では視界に映り込んでいた黒は何かというと、ディーが寝るときにいつも身に着けているアンダーシャツの色だった。
互いに薄いシャツ一枚を隔てているだけなので、その状態で抱き込まれていると普段よりもしっかりとディーの体温を感じてしまい、ふつふつと羞恥心が沸き上がってきた。
意識してしまうともうダメで、全身が徐々に熱を持ち始めた。顔はすでに真っ赤になっていそうだ。
何とかしてディーの拘束から抜け出そうと身じろぎしてみたけれど、少し隙間ができたと思ったら両腕でぎゅっときつく抱きしめなおされてしまい、余計に密着する羽目になってしまって焦る。
ディーの片手が背中に回っていただけで頭は自由に動かせていたのに、距離を取ろうと動いたせいで頭までしっかりと彼の腕の中に抱き込まれてしまって体が完全に密着してしまった。
これで頭を動かそうものなら、わたしの唇は彼の胸板に触れてキスしてしまうことになる。
今は頭の側面が彼の胸元に触れている状態だからまだどうにか発狂しないですんでいるが状況次第では時間の問題かもしれない。
自分自身に「落ちつけぇ~」と言い聞かせつつ、体を動かしてみようと意識してみるけれど、最早僅かに動かすことも困難な状況だった。
これほどディーの力が強いとは思っていなかった。
そして感じる腕の強さや意外にがっしりとしている胸元、視線を上に動かした際に視界に入る男性特有の喉仏やシャープな顎のライン。
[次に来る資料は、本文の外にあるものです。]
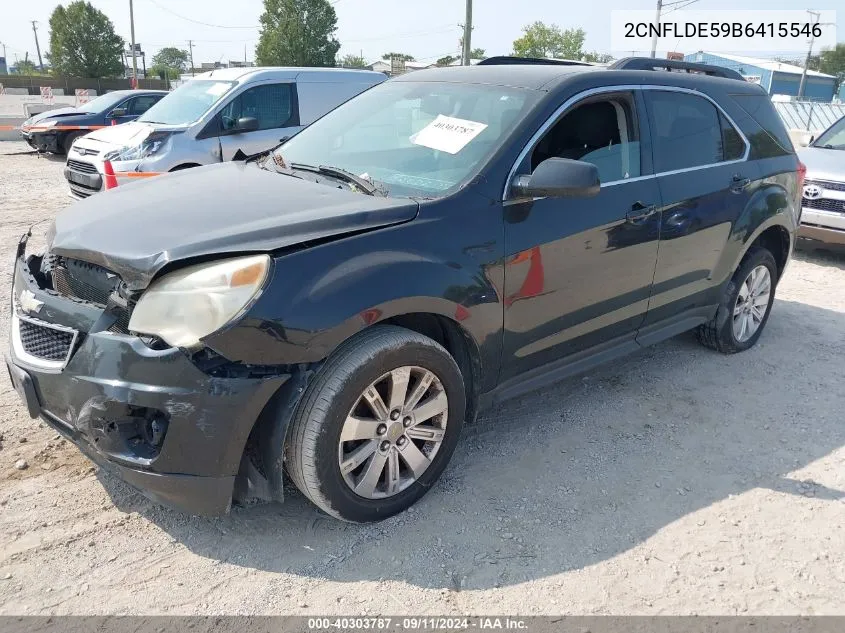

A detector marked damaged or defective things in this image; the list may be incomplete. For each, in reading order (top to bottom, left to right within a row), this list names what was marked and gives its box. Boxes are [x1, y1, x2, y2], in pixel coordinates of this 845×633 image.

crumpled hood [78, 120, 187, 148]
crumpled hood [796, 145, 844, 180]
crumpled hood [47, 163, 418, 292]
dented front end [5, 236, 290, 512]
damaged front bumper [5, 241, 290, 512] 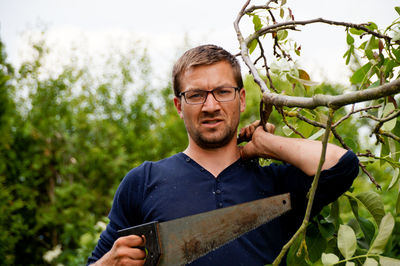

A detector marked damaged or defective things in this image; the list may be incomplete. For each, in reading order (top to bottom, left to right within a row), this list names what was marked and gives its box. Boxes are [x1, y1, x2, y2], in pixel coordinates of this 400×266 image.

rusty saw blade [118, 192, 290, 264] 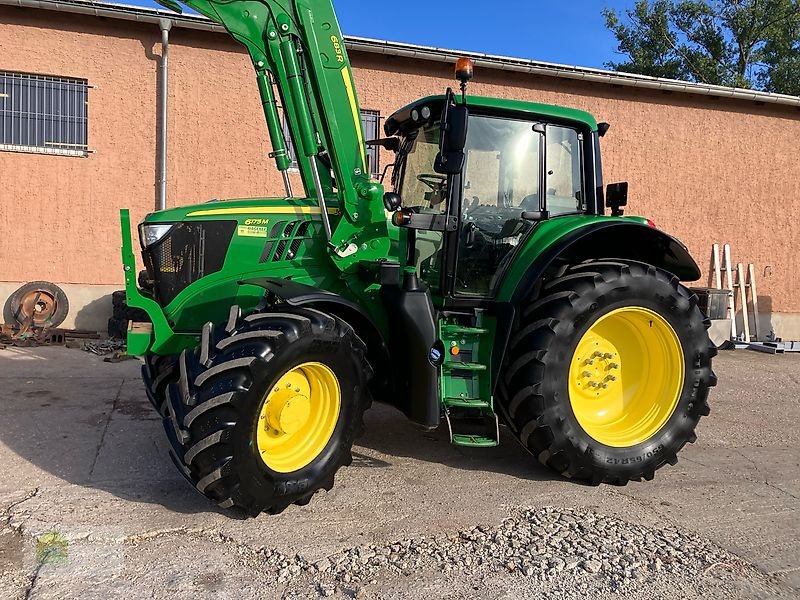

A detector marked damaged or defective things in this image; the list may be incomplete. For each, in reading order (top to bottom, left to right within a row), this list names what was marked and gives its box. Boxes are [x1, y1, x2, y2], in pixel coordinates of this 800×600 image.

rusty metal wheel [3, 282, 69, 328] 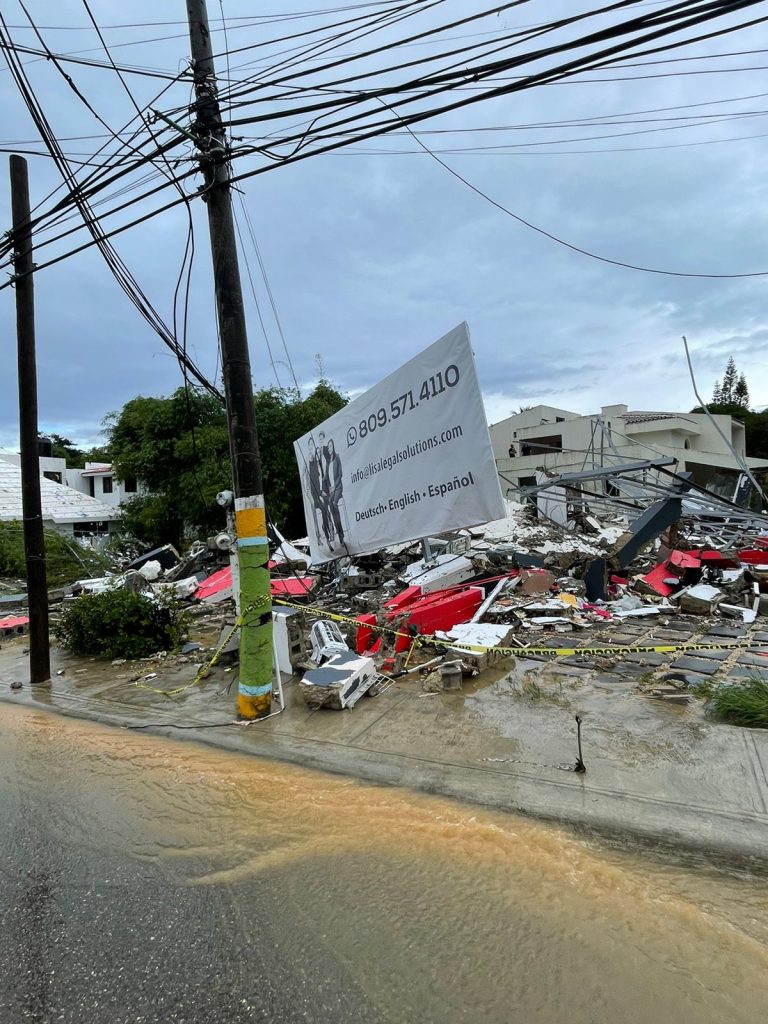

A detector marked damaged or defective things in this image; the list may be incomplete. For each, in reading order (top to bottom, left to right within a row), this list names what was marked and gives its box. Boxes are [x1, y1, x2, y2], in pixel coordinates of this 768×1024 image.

damaged roof [0, 456, 119, 524]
それらが自分と全く違うのだということを今更ながらに認識して「ディーって男の人なんだなぁ」という感想を持った。
起きている時に本人に言ったら絶対に睨まれること間違いなしだけど、ディーが傍にいることが当たり前になっていたから忘れていた。
異性とのこういった触れ合いが皆無であった身としては、どういう反応をするのが正しいのかイマイチ分からない。
変に意識するのもおかしいよねとも思うと少し冷静になれた。
モヤモヤとした感情を落ち着かせていると、とくんとくんと決まったリズムで紡がれる鼓動が耳を打つ。
それがディーの鼓動だと理解するとなぜかほっと安堵した。
その鼓動に耳を傾けていると思う。
――ああ、やっぱりわたしディーの傍が一番安心するなぁ。
そう思い至ると今度は目の前の存在がなんだか無性に愛しく思えた。
自然と笑みが浮かび、耳に届くディーの規則正しい鼓動を聞いているといつしかまた眠りに落ちていた。
*・*・*
意識が浮上し目を開けるとまわりはすでに明るかった。
視界いっぱいに広がっていた黒も肌の色も、影も形も残さず綺麗さっぱり消えていた。
「?」
僅かにぼんやりとした頭のまま体を起こして周りを見渡すと、ディーはいつものようにすでに一人掛け用のソファーに座って本を読んでいた。
おや?昨日のあれは夢…だったのか、な?あれ?
すっかりいつもと変わらない平常運転のディーの様子に、昨夜抱きしめられて寝ていたのは夢だったのかなと首を傾げた。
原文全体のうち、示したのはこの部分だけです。